(The following post originally appeared on ONSecurities, a top Minnesota legal blog founded by Martin Rosenbaum to address securities, governance and compensation issues facing public companies.)
Recent news reports make it clear that now is a good time for public company compliance officers to review their company’s procedures for approval of insiders’ Rule 10b5-1 trading plans. If you are not looking at your practices in this area, it’s possible that a regulatory authority or media reporter will soon be taking a close look.
Rule 10b5-1, adopted in 2000, provides insiders with an affirmative defense to charges of insider trading if the trades are made pursuant to a so-called 10b5-1 trading plan. The plan must be entered into at a time when the insider has no material nonpublic information about the company and must either provide specific instructions about the trades or must turn the decision making over to a third party who does not possess material non-public information. Since its adoption, the rule has facilitated countless trades by public company officers and directors.

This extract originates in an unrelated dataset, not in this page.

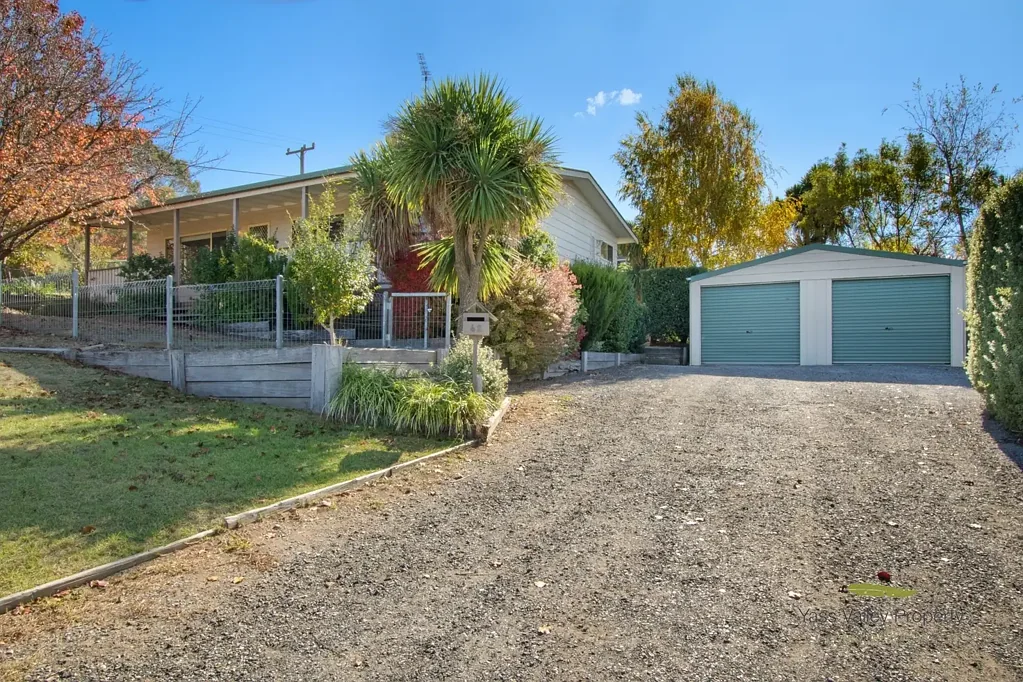 42 Grampian Street, Yass, NSW 2582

Recently, the Wall Street Journal has led the charge in scrutinizing insiders’ transactions in their companies’ stock, either within 10b5-1 plans or outside of such plans:
On November 28, 2012, in Executives’ Good Luck in Trading Own Stock (subscription required), the Journal’s reporters Susan Pulliam and Rob Barry detailed numerous examples of executives making sales, generally under Rule 10b5-1 plans, shortly before corporate announcements of negative news. These trades thus permitted the insiders to take advantage of higher sale prices than would have been the case had they sold after the news was made public.
On December 11, in Insider-Trading Probe Widens, the Journal reported that the November 28 article had triggered a criminal investigation by the Manhattan U.S. Attorney’s office of trades by seven executives, and an SEC investigation of another. On December 12, in Big Sales by Big Lots Brass, the Journal gave more detail on the some of the trades. One of the problematic practices cited: insiders making trades outside of Rule 10b5-1 plans fairly close in time to trades within the plan. While there is no requirement that all trades be made under the Rule (which is only a safe harbor), frequent trades outside the plan can raise questions about whether the insider is acting in good faith.

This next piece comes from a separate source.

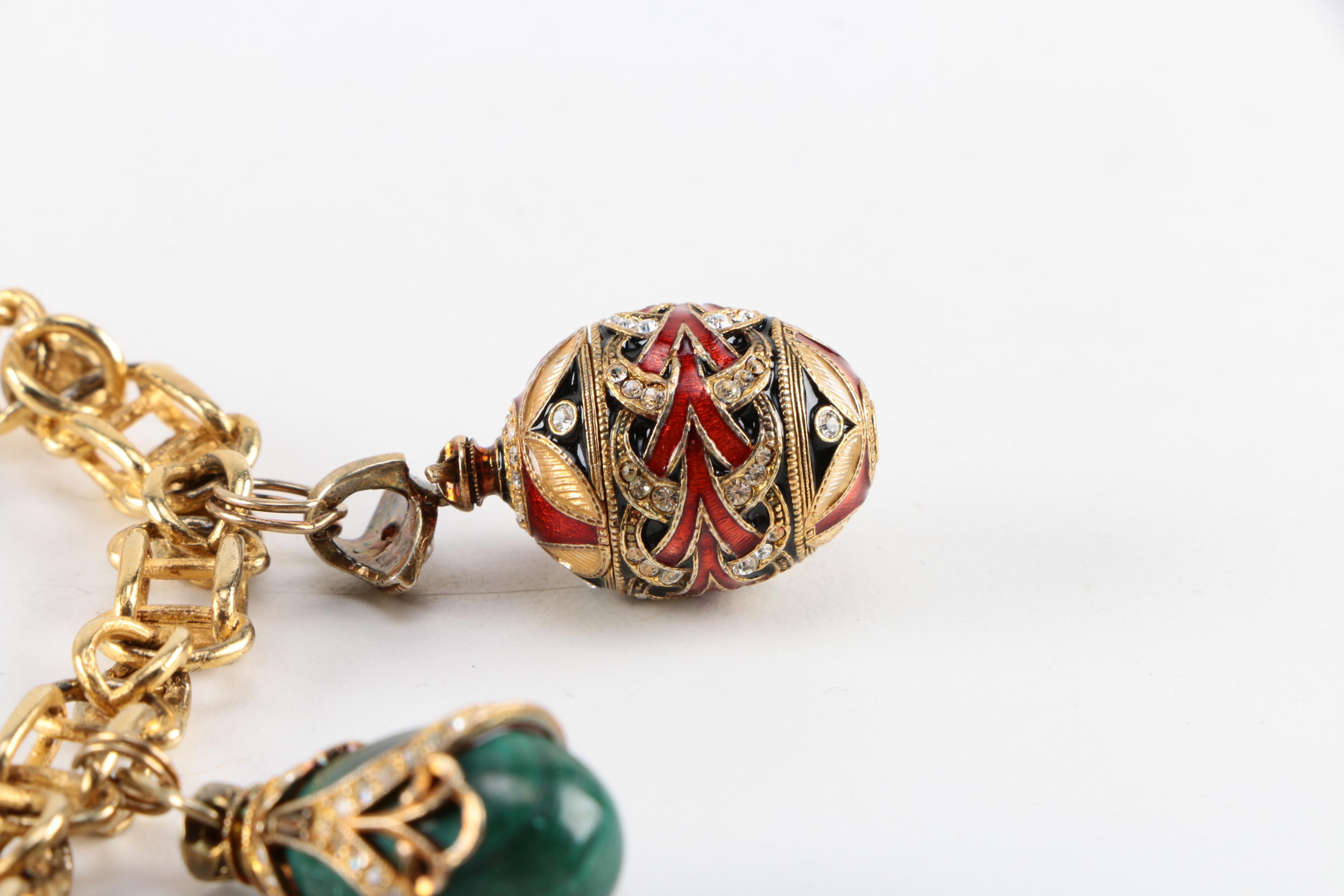 Gold Tone Necklace with Dangle Accents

On December 14, in Trading Plans Under Fire, the Journal reported that Congress is investigating whether Rule 10b5-1 provides adequate protections against insider trading, a development that could put pressure on the SEC to increase scrutiny on insider trades even further.
All of this attention means that companies should focus on making sure that their own insider trading policies are adequately enforced and prevent, not only illegal activity, but even the appearance of impropriety. In connection with 10b5-1 trading plans, companies should focus on the following areas:
- Consider adopting or expanding a cooling off period between adoption or amendment of the 10b5-1 plan and the commencement of trading. This can make it easier to prove that the plan was actually adopted or amended before the insider learned of any material nonpublic information. In a September 2010 survey reported by thecorporatecounsel.net Blog, respondents reported that their companies used the following cooling-off periods: two weeks or less-13%; one month-23%; two months-6%; a waiting period until the next open window-12%; none-37%. Such a cooling off period has become a best practice, even though it would not have prevented all of the problems outlined in the recent Journal articles.

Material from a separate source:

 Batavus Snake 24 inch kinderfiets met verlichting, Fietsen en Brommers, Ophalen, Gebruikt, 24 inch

- Consider encouraging insiders to sell shares only pursuant to a 10b5-1 plan. In the 2010 survey cited above, 31% of the respondents said that their companies "strongly encouraged" insiders to sell only under a Rule 10b5-1 plan, and another 4% said their companies actually require that trades be made only under such a plan.
- Examine other aspects of your process for approving 10b5-1 plans and amendments and make sure they are up to date and adequately enforced and documented. For example, make sure it is possible to document that all 10b5-1 plans and amendments were actually adopted or amended at a time when the insider was not in possession of material non-public information.
- Avoid multiple trading plans by the same insider at the same time, which can permit the insider to exercise discretion by terminating one or more of the plans. This was the manipulative technique used by former Countrywide Financial CEO Angelo Mozilo, resulting in a record settlement of $67.5 million with the SEC in 2010.